NCEH in Partnership With Alabama

The National Center for Environmental Health (NCEH) is part of the Centers for Disease Control and Prevention (CDC). NCEH’s work focuses on three program areas: identifying environmental hazards, measuring exposure to environmental chemicals, and preventing health effects from environmental hazards. NCEH has approximately 450 employees and a budget for 2004 of approximately $189 million; its mission is to promote health and quality of life by preventing or controlling diseases and deaths that result from interactions between people and their environment.
 
NCEH and partners in Alabama collaborate on a variety of environmental health projects throughout the state. In fiscal years 2000–2004, NCEH awarded more than $1.3 million in direct funds and services to Alabama for various projects. These projects include activities related to asthma intervention, measuring folic acid levels in healthy adults, and chemical demilitarization. In addition, Alabama benefits from national-level prevention and response activities conducted by NCEH or NCEH-funded partners.

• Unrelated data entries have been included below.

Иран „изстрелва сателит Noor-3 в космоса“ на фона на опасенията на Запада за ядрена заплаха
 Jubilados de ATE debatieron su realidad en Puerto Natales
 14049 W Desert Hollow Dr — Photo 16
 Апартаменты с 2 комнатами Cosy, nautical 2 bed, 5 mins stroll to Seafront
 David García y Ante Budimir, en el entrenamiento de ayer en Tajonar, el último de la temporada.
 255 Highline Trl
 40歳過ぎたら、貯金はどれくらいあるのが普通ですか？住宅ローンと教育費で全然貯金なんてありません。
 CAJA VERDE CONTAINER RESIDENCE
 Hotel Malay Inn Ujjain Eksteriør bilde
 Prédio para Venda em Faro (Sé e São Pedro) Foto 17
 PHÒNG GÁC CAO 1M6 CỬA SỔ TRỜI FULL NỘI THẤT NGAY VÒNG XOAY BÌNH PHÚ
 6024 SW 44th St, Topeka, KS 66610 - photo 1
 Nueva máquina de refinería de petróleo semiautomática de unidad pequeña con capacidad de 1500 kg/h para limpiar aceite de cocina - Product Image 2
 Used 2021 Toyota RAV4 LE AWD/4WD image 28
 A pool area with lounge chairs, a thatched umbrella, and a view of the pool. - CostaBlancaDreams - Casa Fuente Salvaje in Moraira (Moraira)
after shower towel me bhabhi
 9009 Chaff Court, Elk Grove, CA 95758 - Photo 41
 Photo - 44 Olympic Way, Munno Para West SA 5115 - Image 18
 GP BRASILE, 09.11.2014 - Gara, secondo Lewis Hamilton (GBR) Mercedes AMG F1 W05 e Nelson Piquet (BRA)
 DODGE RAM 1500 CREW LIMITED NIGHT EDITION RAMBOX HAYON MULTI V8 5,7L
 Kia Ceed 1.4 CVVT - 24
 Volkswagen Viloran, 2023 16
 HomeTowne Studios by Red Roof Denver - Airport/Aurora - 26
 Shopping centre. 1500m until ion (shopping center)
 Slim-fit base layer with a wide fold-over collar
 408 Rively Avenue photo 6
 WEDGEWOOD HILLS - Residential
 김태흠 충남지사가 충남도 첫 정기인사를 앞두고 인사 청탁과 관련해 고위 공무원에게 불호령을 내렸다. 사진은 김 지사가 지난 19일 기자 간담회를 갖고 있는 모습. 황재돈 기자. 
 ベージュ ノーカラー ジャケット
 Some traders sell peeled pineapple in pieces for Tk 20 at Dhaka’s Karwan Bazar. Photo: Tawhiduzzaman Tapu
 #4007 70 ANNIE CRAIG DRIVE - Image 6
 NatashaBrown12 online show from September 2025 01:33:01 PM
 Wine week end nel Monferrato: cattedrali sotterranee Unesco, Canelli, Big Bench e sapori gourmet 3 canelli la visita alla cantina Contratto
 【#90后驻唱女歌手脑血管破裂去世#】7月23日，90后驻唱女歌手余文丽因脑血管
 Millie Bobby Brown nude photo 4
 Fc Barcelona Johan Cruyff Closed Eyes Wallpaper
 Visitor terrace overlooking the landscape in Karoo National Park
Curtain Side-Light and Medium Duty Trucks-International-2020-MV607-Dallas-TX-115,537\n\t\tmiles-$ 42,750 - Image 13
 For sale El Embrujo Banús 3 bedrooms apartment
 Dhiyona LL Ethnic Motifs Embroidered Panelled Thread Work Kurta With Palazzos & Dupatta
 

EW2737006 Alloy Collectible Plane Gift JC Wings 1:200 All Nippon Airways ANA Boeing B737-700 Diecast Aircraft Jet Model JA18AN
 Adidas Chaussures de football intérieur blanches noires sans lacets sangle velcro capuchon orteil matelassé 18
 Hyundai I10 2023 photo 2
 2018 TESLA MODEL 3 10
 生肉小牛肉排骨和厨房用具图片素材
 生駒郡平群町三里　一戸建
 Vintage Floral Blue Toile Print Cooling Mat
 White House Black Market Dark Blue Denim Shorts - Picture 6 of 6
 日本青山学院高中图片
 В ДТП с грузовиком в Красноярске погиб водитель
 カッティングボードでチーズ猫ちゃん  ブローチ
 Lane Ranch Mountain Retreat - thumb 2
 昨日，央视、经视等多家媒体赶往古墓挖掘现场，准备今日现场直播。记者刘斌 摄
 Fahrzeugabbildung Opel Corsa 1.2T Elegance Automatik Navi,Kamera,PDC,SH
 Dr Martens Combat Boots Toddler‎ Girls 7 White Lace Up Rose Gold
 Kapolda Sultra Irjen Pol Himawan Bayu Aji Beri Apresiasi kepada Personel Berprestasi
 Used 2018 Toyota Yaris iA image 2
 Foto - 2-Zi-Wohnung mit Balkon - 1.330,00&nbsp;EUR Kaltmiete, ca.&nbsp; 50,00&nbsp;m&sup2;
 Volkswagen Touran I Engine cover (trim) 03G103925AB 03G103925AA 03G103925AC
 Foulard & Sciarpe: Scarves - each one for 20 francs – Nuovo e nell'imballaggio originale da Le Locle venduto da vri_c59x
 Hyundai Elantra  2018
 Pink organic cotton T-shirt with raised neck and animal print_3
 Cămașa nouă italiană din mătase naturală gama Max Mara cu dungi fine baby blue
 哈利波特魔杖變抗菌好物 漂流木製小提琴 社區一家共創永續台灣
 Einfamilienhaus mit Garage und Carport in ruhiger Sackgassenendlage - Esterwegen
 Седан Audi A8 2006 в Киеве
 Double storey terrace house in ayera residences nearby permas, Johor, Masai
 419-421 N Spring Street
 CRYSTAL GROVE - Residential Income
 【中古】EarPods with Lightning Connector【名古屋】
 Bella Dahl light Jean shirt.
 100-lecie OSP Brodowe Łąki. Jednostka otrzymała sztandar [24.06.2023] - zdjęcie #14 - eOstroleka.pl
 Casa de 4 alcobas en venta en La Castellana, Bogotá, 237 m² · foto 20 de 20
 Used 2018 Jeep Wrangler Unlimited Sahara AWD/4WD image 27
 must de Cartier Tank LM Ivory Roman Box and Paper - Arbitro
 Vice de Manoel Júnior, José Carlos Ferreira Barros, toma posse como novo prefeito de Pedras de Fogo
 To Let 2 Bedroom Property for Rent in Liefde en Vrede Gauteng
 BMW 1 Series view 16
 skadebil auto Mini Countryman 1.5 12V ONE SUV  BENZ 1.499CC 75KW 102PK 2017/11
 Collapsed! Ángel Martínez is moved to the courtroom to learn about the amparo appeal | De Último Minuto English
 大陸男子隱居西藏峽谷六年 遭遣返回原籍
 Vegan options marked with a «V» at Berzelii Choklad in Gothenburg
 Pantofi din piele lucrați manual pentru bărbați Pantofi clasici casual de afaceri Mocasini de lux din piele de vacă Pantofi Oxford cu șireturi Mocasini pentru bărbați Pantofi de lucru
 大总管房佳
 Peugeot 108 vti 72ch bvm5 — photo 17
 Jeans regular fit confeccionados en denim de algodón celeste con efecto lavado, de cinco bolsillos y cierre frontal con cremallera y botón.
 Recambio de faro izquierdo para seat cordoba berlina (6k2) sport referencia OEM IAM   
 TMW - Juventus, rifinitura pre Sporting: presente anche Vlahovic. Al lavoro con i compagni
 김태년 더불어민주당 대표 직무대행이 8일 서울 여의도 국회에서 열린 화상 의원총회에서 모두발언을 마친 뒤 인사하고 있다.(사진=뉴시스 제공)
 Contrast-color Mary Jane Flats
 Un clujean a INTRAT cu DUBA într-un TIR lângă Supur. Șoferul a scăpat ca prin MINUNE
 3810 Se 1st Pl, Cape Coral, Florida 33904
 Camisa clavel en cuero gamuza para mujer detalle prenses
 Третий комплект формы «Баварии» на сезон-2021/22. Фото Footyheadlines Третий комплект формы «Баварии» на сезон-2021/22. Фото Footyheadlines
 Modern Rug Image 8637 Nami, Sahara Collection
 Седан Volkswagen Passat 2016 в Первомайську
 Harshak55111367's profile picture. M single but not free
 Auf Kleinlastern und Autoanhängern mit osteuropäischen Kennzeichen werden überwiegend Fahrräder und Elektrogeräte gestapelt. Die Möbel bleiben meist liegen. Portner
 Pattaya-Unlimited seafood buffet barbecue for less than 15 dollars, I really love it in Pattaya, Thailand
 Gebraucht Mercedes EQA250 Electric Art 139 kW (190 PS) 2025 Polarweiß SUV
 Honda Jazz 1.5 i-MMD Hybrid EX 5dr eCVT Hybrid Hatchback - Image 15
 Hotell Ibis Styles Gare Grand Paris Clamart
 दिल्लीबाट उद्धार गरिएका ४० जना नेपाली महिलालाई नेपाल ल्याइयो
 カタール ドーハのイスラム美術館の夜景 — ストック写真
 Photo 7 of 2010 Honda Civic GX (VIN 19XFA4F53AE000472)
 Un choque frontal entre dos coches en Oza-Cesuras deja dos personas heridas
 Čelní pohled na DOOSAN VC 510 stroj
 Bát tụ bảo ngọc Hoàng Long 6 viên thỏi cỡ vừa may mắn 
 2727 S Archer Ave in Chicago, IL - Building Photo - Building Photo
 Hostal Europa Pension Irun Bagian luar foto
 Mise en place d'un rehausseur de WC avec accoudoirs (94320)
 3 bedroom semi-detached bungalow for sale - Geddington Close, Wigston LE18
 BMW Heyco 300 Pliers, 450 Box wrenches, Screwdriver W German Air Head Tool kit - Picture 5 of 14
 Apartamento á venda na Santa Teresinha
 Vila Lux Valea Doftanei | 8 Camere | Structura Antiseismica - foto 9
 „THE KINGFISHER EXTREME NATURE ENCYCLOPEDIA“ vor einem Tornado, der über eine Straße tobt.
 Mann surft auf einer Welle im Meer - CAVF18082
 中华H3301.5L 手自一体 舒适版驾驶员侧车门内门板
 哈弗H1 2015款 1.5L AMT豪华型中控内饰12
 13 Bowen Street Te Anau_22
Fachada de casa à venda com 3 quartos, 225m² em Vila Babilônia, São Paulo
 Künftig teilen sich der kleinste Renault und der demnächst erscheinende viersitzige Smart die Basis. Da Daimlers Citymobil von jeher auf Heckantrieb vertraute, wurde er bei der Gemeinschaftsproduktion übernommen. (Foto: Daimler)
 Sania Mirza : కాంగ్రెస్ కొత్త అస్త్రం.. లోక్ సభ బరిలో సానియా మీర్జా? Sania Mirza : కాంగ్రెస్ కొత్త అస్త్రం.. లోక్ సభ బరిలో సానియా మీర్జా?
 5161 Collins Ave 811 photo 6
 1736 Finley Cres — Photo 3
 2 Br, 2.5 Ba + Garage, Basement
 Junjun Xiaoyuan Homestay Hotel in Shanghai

Identifying Environmental Hazards

NCEH identifies, investigates, and tracks environmental hazards and their effects on people’s health. Following is an example of such activities that NCEH conducted or supported in Alabama.
  • Inner-City Asthma Intervention—NCEH is funding the School of Medicine at the University of Alabama at Birmingham to provide inner-city families with asthma education and individualized asthma-control plans. The Inner-City Asthma Intervention program is based on the National Cooperative Inner-City Asthma Study (NCICAS), a multifaceted, multimodal intervention to address a range of problems that affect children who have asthma, and their families. NCICAS demonstrated that an individually tailored intervention carried out by masters-level social workers trained in asthma management can reduce asthma symptoms among children in the inner city. This program targets children 6 to 12 years of age of low socioeconomic status who live in urban areas and have moderate to severe asthma. Funding began in fiscal year 2001 and continues through fiscal year 2005.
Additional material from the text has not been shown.